PROBLEM DESCRIPTION:
Among the entries below, find the line with "L rose gold black B BENYAR, модные", then quote it and each following line up to and including the line with "Two masquerade masks", and nothing else.

[Source records]

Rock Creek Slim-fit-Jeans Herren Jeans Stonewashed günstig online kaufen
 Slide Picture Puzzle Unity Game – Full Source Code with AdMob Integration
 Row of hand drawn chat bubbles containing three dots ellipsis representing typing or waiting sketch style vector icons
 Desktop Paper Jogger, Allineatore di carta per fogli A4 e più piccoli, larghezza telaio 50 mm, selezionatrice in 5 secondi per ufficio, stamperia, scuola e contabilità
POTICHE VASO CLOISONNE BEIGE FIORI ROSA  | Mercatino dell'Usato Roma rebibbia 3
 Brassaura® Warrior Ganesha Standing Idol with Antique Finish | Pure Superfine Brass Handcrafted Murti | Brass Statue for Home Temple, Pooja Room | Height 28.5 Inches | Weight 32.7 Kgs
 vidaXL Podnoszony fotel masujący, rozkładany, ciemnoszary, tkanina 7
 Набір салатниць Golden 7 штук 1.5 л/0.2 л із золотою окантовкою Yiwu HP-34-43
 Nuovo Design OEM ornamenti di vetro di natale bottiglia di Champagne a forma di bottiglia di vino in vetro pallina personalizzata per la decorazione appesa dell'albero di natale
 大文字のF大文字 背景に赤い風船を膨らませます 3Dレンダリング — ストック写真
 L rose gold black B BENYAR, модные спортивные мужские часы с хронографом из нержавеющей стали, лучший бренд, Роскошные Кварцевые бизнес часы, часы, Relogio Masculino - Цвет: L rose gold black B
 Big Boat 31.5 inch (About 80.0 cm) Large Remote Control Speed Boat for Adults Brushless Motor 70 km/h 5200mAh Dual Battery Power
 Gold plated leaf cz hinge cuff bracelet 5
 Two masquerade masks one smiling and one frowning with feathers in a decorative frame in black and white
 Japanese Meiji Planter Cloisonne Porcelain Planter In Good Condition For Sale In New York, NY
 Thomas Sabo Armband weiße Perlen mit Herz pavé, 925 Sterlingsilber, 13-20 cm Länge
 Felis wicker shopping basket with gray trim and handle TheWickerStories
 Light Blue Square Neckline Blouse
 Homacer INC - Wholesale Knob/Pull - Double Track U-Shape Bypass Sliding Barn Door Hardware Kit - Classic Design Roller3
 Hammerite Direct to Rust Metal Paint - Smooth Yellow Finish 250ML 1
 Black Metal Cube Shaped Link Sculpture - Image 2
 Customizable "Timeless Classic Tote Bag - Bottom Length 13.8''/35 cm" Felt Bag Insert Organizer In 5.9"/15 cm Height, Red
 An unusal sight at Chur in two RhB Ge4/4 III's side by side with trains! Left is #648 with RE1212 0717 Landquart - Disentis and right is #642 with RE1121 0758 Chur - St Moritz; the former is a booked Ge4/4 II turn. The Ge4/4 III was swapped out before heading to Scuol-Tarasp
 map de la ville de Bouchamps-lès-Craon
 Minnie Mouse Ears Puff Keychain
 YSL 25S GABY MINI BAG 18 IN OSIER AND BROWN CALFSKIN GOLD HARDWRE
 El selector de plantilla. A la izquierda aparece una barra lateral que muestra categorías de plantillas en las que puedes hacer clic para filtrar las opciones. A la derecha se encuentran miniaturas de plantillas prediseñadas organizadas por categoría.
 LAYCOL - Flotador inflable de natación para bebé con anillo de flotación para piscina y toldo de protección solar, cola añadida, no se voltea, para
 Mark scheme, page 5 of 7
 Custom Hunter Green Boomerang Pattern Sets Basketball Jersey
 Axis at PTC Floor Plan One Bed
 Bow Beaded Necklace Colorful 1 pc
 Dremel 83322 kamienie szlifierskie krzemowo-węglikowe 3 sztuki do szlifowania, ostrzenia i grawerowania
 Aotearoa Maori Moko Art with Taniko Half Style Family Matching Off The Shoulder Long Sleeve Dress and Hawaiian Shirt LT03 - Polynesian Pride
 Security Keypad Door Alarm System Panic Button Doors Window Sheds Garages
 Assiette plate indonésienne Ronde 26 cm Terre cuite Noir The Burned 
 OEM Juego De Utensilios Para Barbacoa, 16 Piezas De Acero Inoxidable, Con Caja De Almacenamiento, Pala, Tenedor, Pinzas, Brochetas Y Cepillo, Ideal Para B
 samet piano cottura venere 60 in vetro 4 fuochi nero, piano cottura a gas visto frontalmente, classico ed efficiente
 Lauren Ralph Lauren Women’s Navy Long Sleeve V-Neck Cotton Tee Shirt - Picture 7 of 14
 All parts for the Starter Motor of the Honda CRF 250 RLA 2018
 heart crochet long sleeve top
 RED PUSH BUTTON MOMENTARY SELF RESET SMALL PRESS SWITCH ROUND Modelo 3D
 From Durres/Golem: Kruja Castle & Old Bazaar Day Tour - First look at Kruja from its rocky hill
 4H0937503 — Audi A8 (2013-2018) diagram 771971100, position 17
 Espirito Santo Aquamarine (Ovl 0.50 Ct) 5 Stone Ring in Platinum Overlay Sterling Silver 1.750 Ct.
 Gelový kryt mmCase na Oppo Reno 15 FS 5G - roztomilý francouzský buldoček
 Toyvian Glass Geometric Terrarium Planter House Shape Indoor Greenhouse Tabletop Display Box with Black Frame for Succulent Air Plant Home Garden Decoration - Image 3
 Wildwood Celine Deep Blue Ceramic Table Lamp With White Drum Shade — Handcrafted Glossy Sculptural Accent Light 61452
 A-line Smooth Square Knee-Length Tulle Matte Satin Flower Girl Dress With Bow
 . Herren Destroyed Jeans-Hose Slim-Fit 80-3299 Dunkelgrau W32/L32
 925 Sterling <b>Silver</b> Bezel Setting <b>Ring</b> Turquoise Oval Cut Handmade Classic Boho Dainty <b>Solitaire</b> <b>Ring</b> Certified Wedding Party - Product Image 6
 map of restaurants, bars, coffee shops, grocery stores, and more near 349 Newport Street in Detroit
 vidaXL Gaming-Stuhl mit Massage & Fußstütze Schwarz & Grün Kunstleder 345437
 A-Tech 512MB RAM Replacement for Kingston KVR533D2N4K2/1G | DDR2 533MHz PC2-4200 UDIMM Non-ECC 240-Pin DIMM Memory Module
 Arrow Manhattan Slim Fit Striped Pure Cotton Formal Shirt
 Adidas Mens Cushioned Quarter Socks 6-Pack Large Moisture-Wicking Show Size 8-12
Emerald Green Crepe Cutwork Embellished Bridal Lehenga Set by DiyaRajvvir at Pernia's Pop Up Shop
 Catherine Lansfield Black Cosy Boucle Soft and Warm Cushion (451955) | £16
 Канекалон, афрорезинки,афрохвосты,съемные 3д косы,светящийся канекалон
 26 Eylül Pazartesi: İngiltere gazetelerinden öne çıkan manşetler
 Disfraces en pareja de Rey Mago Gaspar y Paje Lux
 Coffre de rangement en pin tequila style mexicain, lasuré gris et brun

RESULT OF THIS EXERCISE:
 L rose gold black B BENYAR, модные спортивные мужские часы с хронографом из нержавеющей стали, лучший бренд, Роскошные Кварцевые бизнес часы, часы, Relogio Masculino - Цвет: L rose gold black B
 Big Boat 31.5 inch (About 80.0 cm) Large Remote Control Speed Boat for Adults Brushless Motor 70 km/h 5200mAh Dual Battery Power
 Gold plated leaf cz hinge cuff bracelet 5
 Two masquerade masks one smiling and one frowning with feathers in a decorative frame in black and white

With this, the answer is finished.